The first Q&A, published in July, sets out suggestions for implementing various aspects of MAR. Amongst other points, the first Q&A address the following issues:
- Participation in rights issues etc.: whilst noting the uncertainty of the drafting, the Q&A sets out the JWP’s view that participation in bonus and rights issues is permissible during MAR close periods (being trading relating to “a qualification or entitlement to shares” for the purposes of Article 19(12) of MAR) provided that the transaction cannot be conducted at another time and the issuer gives clearance to deal.
- Participation in share schemes: the Q&A sets out detailed guidance on dealing under share schemes during MAR close periods. Very broadly speaking, where no decision to trade is made during a close period (e.g. acquisition of shares under a pre-planned SAYE scheme) dealing under share schemes during close periods is permitted.
- Advisers’ insider lists maintained on behalf of the issuer: staff of advisers to issuers need only be on the insider list
if they meet two tests:
- they are performing tasks through which they have access to
inside information on the issuer; and
- they are acting on behalf of or for the account of the issuer.
- they are performing tasks through which they have access to
The guidance goes on to state that “It is the deal teams and client-facing staff who generally should be included on the list, if they have access to inside information. Secretarial staff and other support staff who have access should also be included (although individuals with the ability to access IT systems but whose duties do not require them to access inside information do not need to be included unless they actually have accessed it). Senior management who receive management information or sit on review committees even if they are not involved in the transaction must be included.”

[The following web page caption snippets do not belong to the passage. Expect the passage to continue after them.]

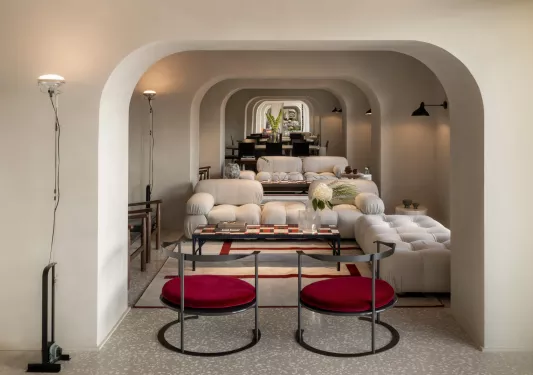 Lounge with arched hallways with white and red cushioned seating
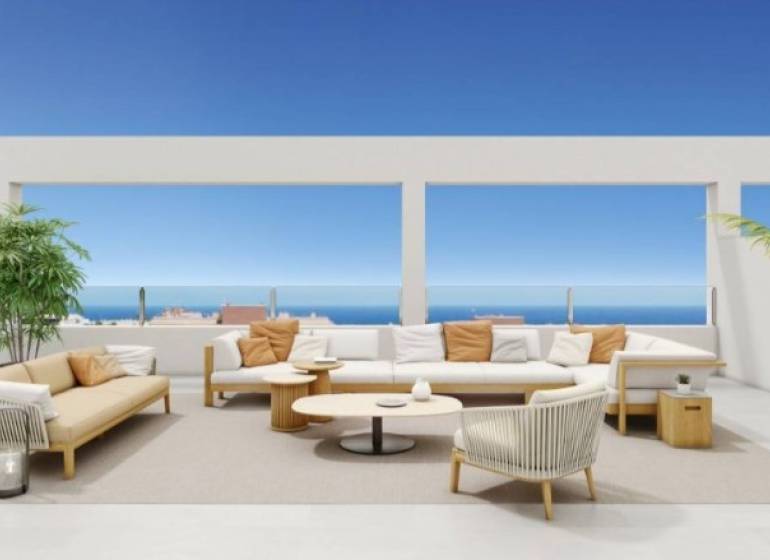 A torreviejai nyaraló apartman terasza ülőhellyel, háttérben az óceán és a kék ég.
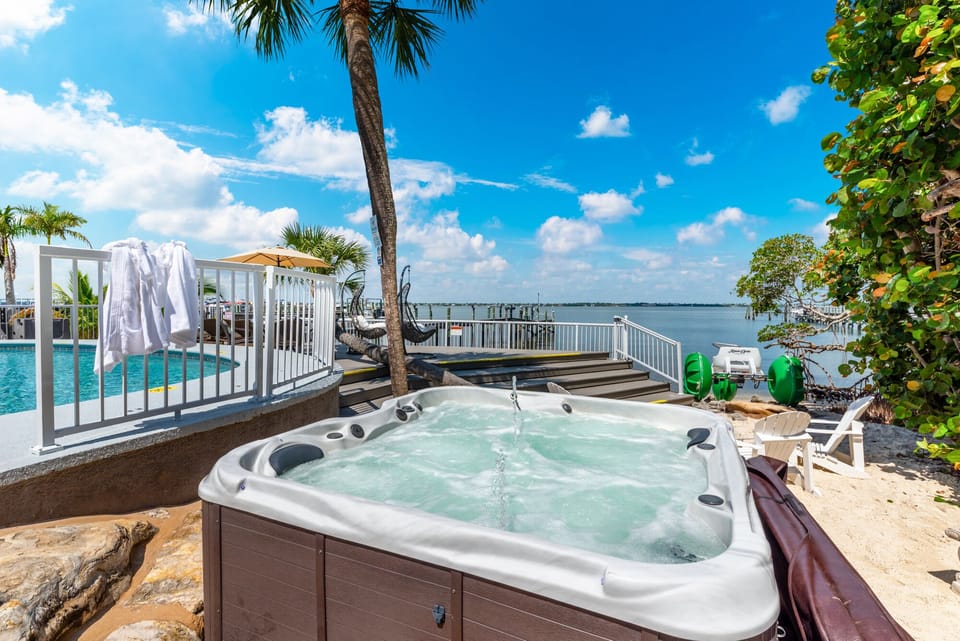 Riverside private pool and hot tub, complete with lounge deck.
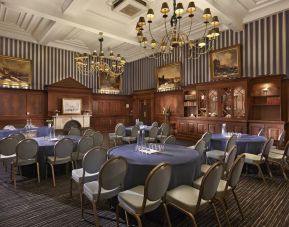 Elegant meeting room featuring round tables, chandeliers, and classic wood paneling at The Grand Brighton.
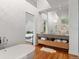 Primary bathroom with a soaking tub, vanity with drawers, and modern light fixtures at 360 S Ogden St, Denver, CO 80209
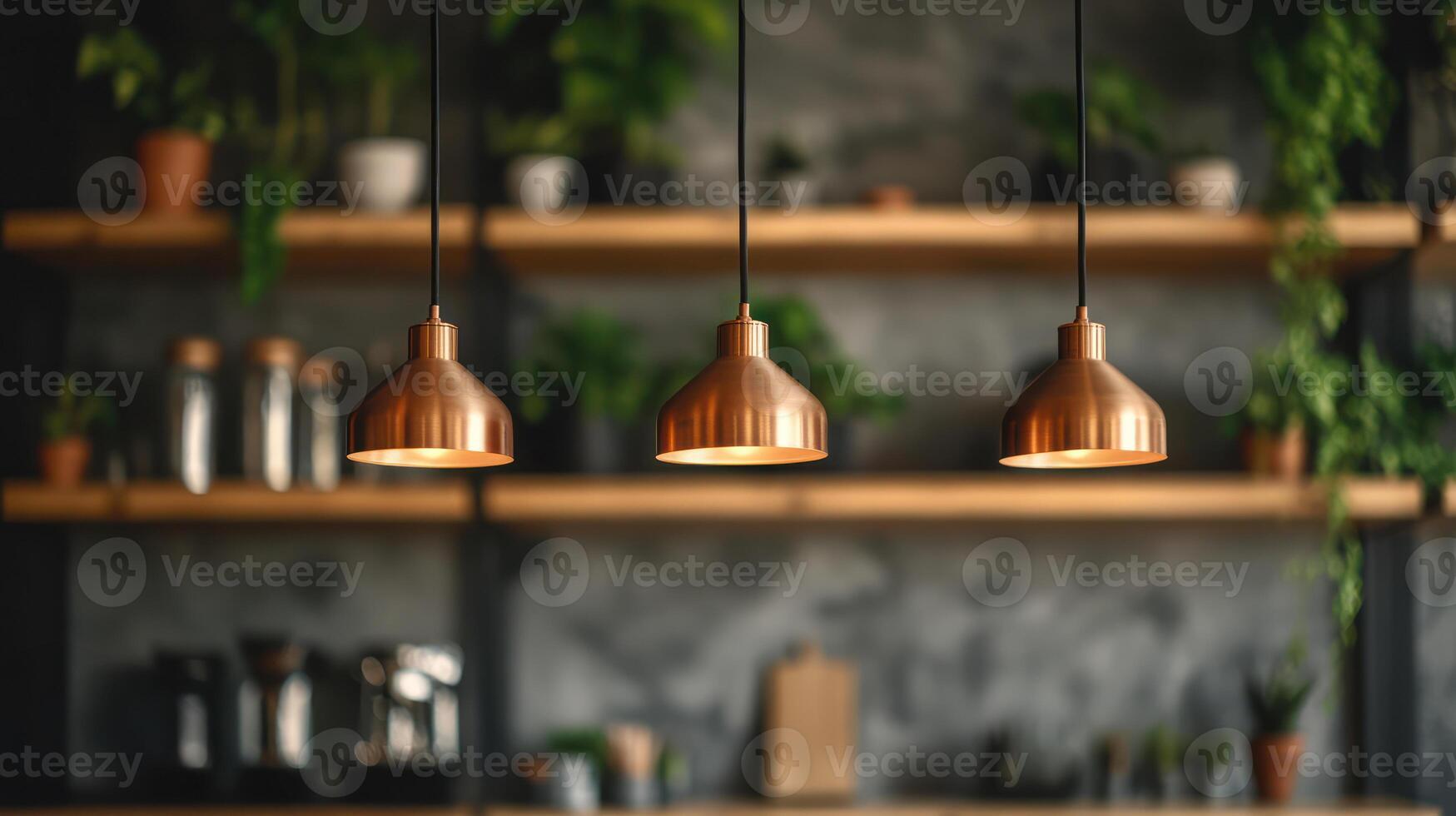 Copper pendant lights hanging in front of blurred kitchen shelves with plants and jars. Warm lighting in modern rustic interior. Kitchen lighting and decor concept. photo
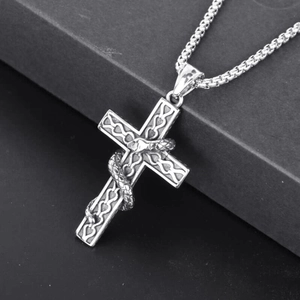Gothic silver snake wrapped cross pendant necklace with engraved details on a round box chain
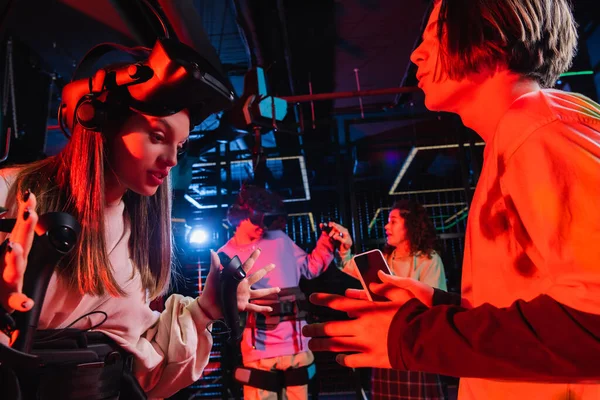 Adolescente menino segurando smartphone perto animado amigo gesticulando na zona de jogo vr — Fotografia de Stock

The second Q&A, published in August, looks at the interaction between MAR and common takeover-related arrangements, including the giving of irrevocable undertakings by directors. Of principal interest are Q&As on:
- Application of the market soundings/wall-crossing regime to seeking irrevocable undertakings: the Q&A confirms that seeking irrevocables from target shareholders (other than the target’s directors) will be subject to the MAR wall-crossing regime. Target directors are excluded because they will have already been involved in negotiating the form of the irrevocable (those negotiations being communications between the bidder and target and therefore outside the scope of the market soundings regime), and providing them with the final form of the irrevocable for execution is “merely ancillary” to prior communications.
- PDMRs satisfying irrevocables during a close period: discharging obligations under an irrevocable during a close period (i.e. accepting an offer) is permitted, provided the irrevocable undertaking itself has been given outside a close period. Helpfully, the JWP goes on to say that, “where a bid is announced at the same time as interims/prelims are released, irrevocables that have been signed and held in escrow for release at the time of the bid being announced will not be treated as being dealings during the immediately preceding closed period as they only become effective upon release from escrow (at which point the closed period has ended).“
- PDMRs accepting a contractual takeover offer (or undertaking to do so) during a close period: This is not generally permitted.
- PDMRs voting on a takeover by way of scheme (or undertaking to do so) during a close period: Voting in favour of a scheme or giving an irrevocable undertaking to do so during a close period is a voting, rather than a transactional, arrangement and so is permitted. However, where an irrevocable undertaking on a scheme includes an obligation to accept a contractual offer if the transaction structure is switched by the bidder, entering into the irrevocable undertaking should be treated in the same way as entering into an irrevocable undertaking in respect of a contractual offer, and so is generally prohibited during a close period.